__Exercise brief__: Entries below include pictures. Output exactly the lines from the one with "2018 Nissan Rogue" down to the one with "FORD F150 SUPER 2018 1ftex1cpxjkd29309", both ends included, and leave the pictures out.
──────────────────────────────
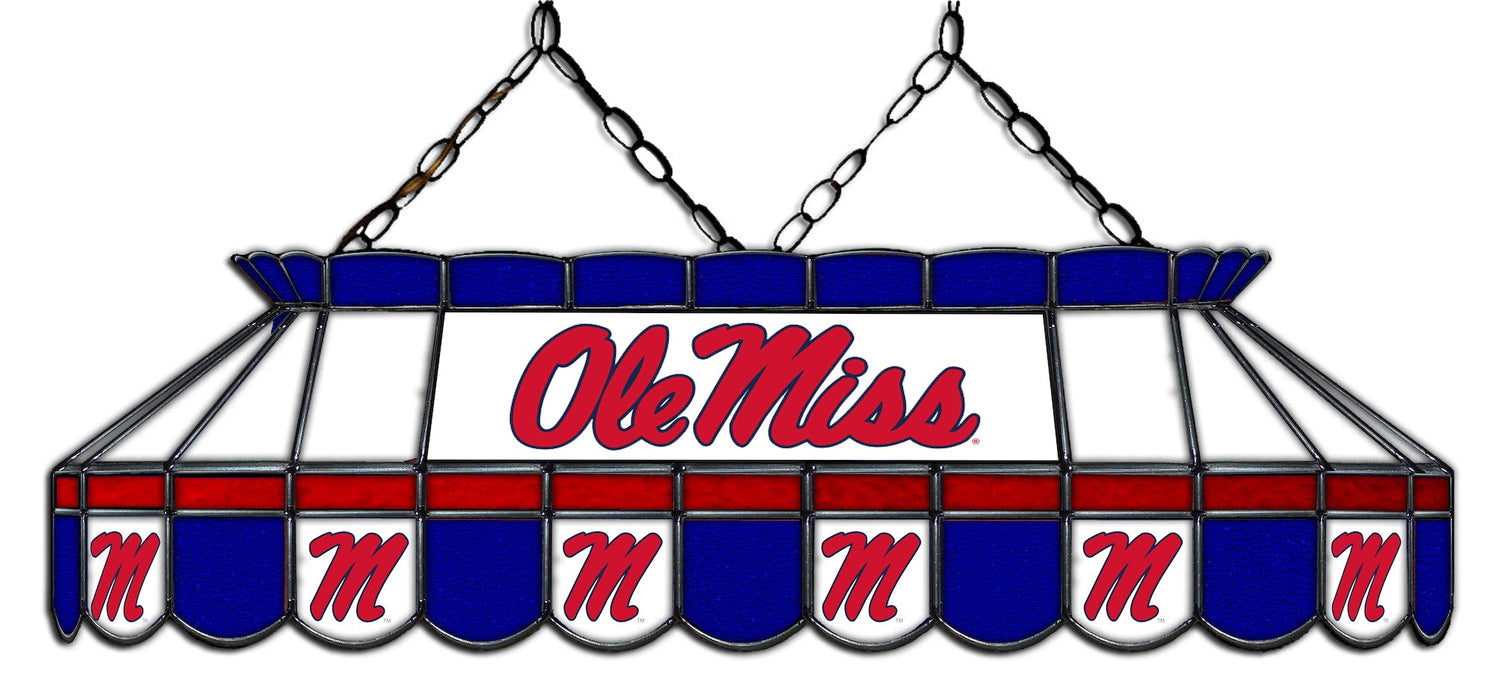 Wave7 MVP NCAA Tiffany Billiards Light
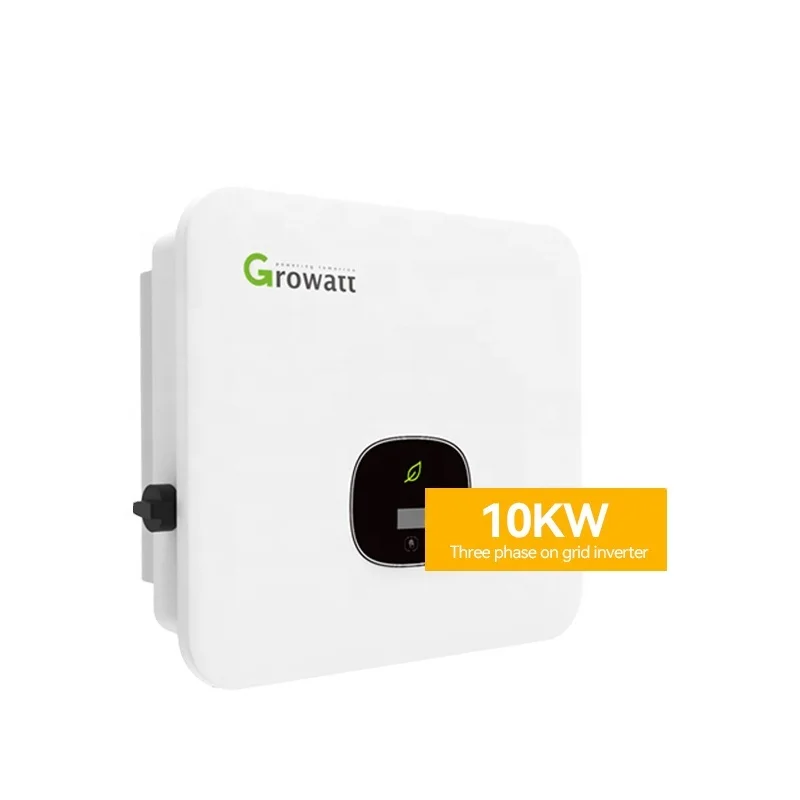 Germany on Grid Inverter Growatt MID15-25KTL3-X 15KW 25kw 20kw Solar System Inverter in Stock-boxintelecom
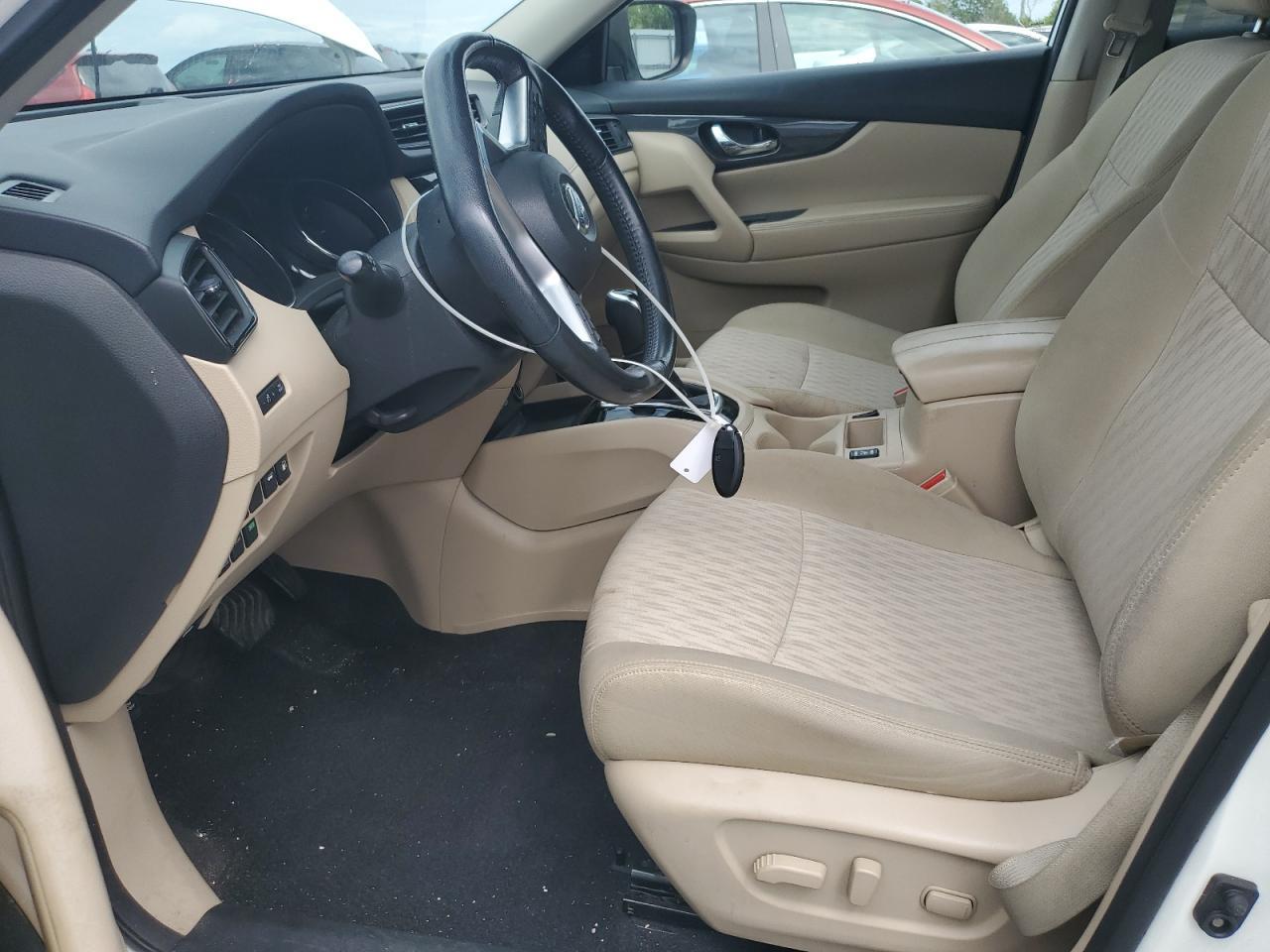 2018 Nissan Rogue S VIN: 5N1AT2MV5JC816887 Lot: 80396815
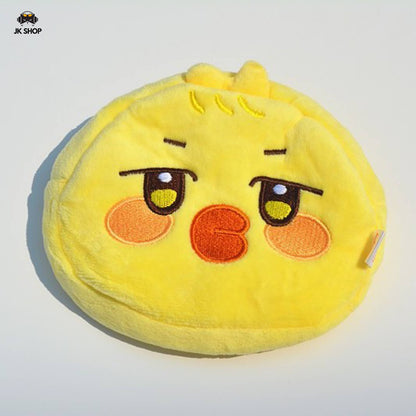 Ateez aniteez Plushies Coin Purse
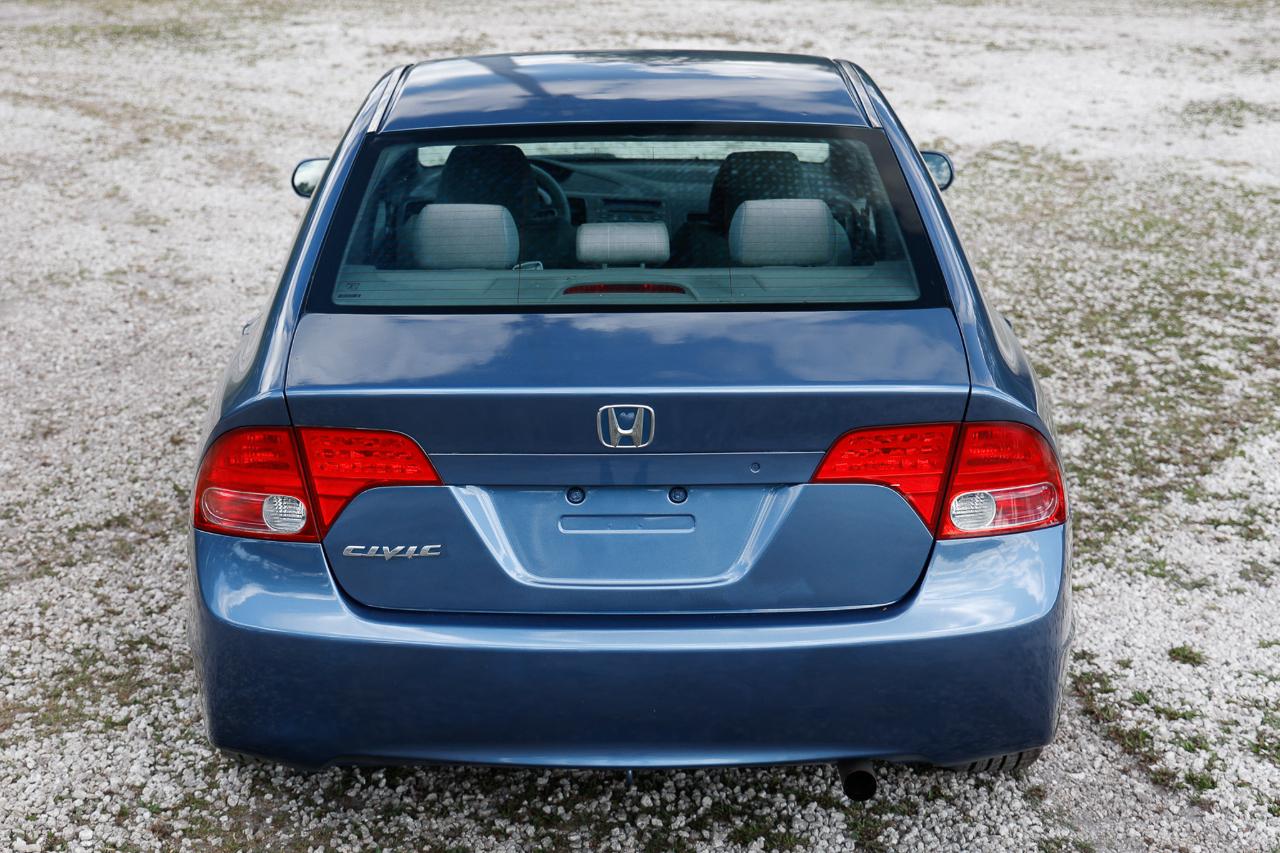 Honda Civic Sdn  2007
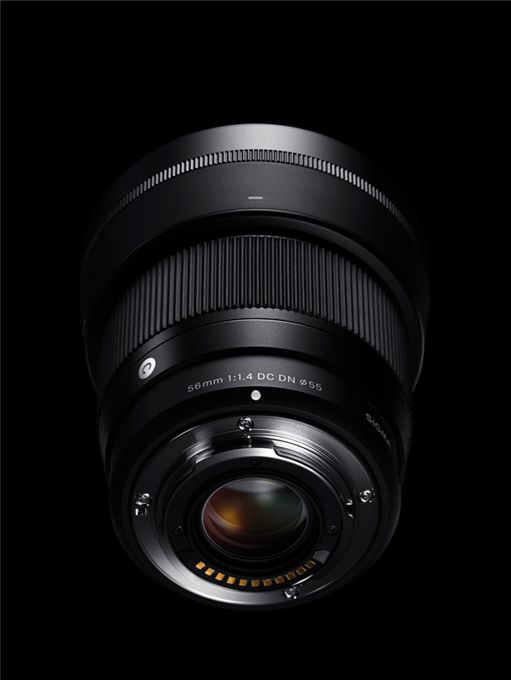 Sigma 56 mm f/1,4 DC DN Contemporary pro Nikon Z 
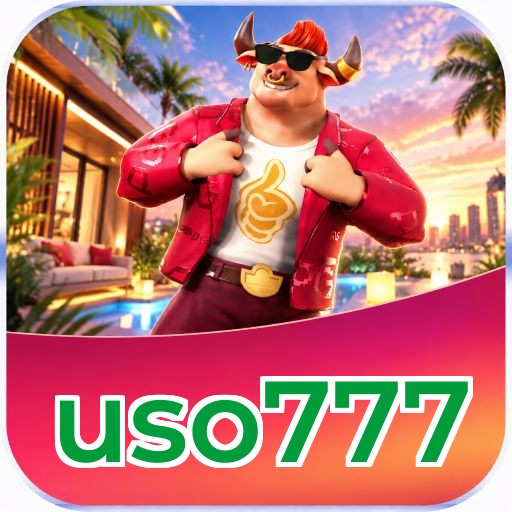 Logo uso777 - Cassino Online Brasil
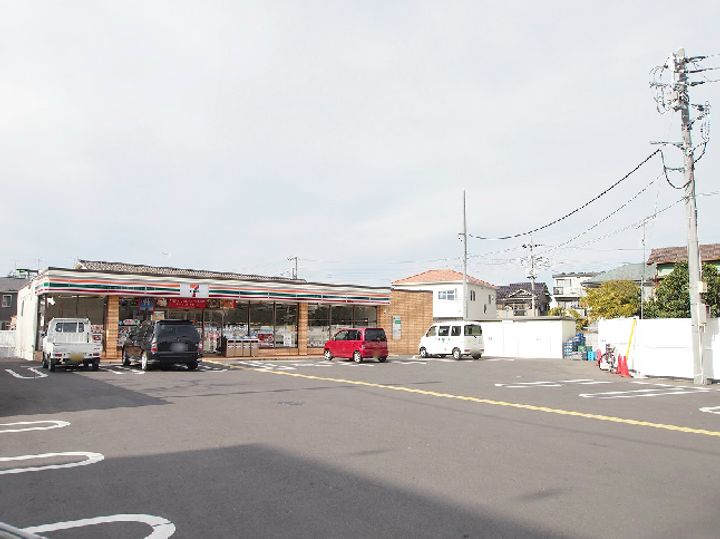 赤松マンションの周辺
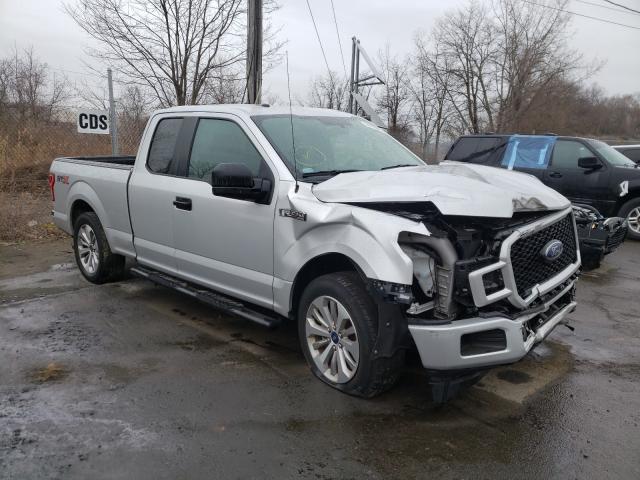 FORD F150 SUPER 2018 1ftex1cpxjkd29309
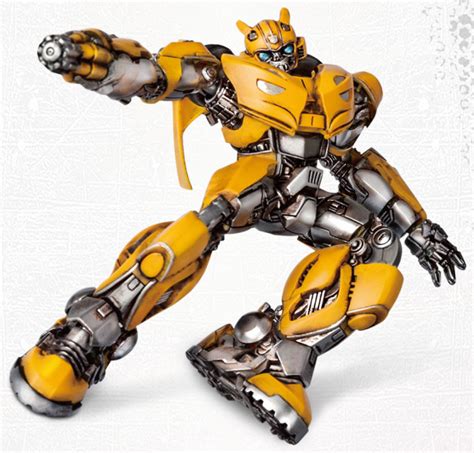 06 Bumblebee B 127 Smart Kit Model Kit Transformers Bumblebee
──────────────────────────────
__Solved problem__:
 2018 Nissan Rogue S VIN: 5N1AT2MV5JC816887 Lot: 80396815
 Ateez aniteez Plushies Coin Purse
 Honda Civic Sdn  2007
 Sigma 56 mm f/1,4 DC DN Contemporary pro Nikon Z 
 Logo uso777 - Cassino Online Brasil
 赤松マンションの周辺
 FORD F150 SUPER 2018 1ftex1cpxjkd29309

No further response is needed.